▸ **Data entries**:
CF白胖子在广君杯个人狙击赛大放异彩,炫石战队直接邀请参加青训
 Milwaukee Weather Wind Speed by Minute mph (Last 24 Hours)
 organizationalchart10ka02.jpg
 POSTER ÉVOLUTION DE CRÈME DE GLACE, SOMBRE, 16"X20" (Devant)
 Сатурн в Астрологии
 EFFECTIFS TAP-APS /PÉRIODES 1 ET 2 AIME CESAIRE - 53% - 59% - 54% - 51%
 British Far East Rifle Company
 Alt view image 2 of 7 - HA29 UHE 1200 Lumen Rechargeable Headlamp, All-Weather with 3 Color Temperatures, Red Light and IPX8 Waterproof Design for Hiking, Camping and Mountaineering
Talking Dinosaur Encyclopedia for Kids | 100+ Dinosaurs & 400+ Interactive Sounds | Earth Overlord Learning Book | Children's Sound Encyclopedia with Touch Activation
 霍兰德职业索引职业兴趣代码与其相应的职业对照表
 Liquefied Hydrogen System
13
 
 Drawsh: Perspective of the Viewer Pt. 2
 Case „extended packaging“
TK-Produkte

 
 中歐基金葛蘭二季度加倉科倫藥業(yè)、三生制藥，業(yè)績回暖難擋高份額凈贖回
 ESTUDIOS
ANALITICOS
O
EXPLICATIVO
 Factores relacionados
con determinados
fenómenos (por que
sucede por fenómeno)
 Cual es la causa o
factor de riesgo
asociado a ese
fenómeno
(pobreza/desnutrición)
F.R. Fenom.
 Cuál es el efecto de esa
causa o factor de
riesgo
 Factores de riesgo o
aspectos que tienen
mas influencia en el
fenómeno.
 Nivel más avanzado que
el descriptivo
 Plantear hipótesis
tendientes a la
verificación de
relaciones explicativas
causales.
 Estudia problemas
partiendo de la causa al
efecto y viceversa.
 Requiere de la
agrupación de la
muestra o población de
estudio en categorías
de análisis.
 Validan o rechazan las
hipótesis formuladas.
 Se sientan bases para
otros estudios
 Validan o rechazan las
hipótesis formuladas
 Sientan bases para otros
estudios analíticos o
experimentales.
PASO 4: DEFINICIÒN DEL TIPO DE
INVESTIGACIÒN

▸ **DESCRIPTION OF THE TASK**: The expected reply is a number only, the tally of lines in the data where the word "riesgo" is found.

▸ **FINAL ANSWER**: 3